Наконец в конце марта Новосёлов сообщил мне, что моё дело закончено и что я на днях буду вызван к прокурору Баринову для подписи 206‑й статьи. Баринов был главным прокурором МГБ, и мне, естественно, было интересно его увидеть. Когда меня ввели в кабинет, я был совершенно ошарашен его видом. Представьте себе пожилого священника с длинными, почти до плеч, волосами, гладко вычесанными назад через лысину и с длинной, квадратно остриженной бородой. На носу у него были очки советского образца, придающие каждому человеку несколько обезьянье выражение. Серебряные полковничьи погоны ещё более делали эту фигуру странной, настолько его наружность не вязалась с военной формой.
Усадив меня на десятиметровом расстоянии, прокурор заговорил сладким, до приторности елейным голосом:
— Здравствуйте, Борис Вольдемарович, очень мне приятно вас видеть, много о вас наслышан, но не имел удовольствия быть ближе знакомым. Так, так! Так вот, как вы выглядите. Сейчас мы закончим кое-какие формальности, и дело ваше в шляпе.
Тут у нас произошёл разговор по поводу конфискованных у меня вещей, о чём я расскажу ниже, и Баринов, довольно быстро написав прокурорское заключение, подал мне его для прочтения и подписи. Всё было написано так, как мы сговорились с Новосёловым. Я обратил внимание на то, что в части протокола, касающейся моей личности, после фамилии, имени и отчества и года рождения стояло — дворянин.
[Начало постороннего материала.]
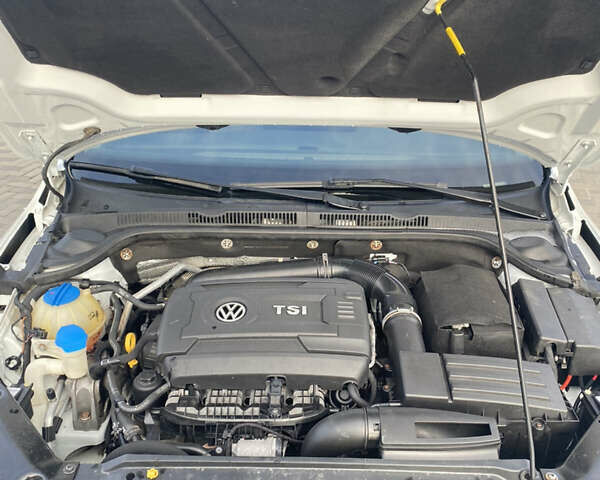 Фольксваген Джетта 2016 в Полтаве на Automoto.ua Белый Фольксваген Джетта, объемом двигателя 1.8 л и пробегом 280 тыс. км за 12000 $, фото 7 на Automoto.ua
— Разве в Советском Союзе существует дворянство? — спросил я. — Нет, — ответил Баринов, — но здесь это помещается как характеристика.
— Позвольте спросить, откуда вам известно, что я дворянин?
— Ну, это, Борис Вольдемарович, очень просто: вы окончили Морской корпус, а это высшее учебное заведение, дававшее окончившим его личное дворянство, если оное лицо не имело потомственного дворянство до того. Дас, это так было.
Мне ничего не оставалось как согласиться. Но тут моё внимание привлёк другой пункт, инкриминирующий мне участие в террористической организации.
— Гражданин прокурор, возможно, что это не имеет никакого значения в моей судьбе, но я всё же протестую против этой статьи: она не только не оправдывается следственным материалом, но даже наоборот, из бумаг, полученных вами от финляндской политической полиции, совершенно определённо явствует, что я ни в каких подобных организациях не состоял.
— Хе-хе-хе, — захихикал Баринов. — Вы думаете, что я не знаком с материалами вашего дела? Нет, я их хорошо проштудировал, и скажу, что этот пункт должен быть тут взамен всего того, что осталось в вашей черепушке не выясненного нами, а там мноо‑о‑го чего осталось.
— Гражданин прокурор считает этот довод юридическим? — сыронизировал я.
— Ну, об этом мы диспутировать не будем, подписывайте протокольчик, и дело ваше в шляпе, теперь можете отдыхать от всех неприятностей.
На этом мы распрощались. Через день я был опять вызван на Лубянку, на этот раз к Новосёлову.
Он мне сказал:
— Начальник Следственного отдела контрразведки полковник Афанасьев хочет с вами познакомиться. Сейчас я это устрою.
Полковник, мужчина солидных размеров и атлетического сложения с перебитым на бок носом, глухим голосом спросил меня: — Всё рассказали?
— Всё, что знал, — ответил я.
— Смотрите, если что забыли — добавьте, а то опять вас приволочём сюда.
— Больше ничего добавить не имею.
— Ну, хорошо, возьмите его, — отрезал он в сторону Новосёлова. Афанасьев сменил Кузнецова; до этого он был начальником контрразведки в Румынии и имел там репутацию чрезвычайно свирепого чекиста. Вернувшись в камеру и рассказав товарищам о своих впечатлениях, я стал ждать, когда меня переведут в камеру ожидающих приговора.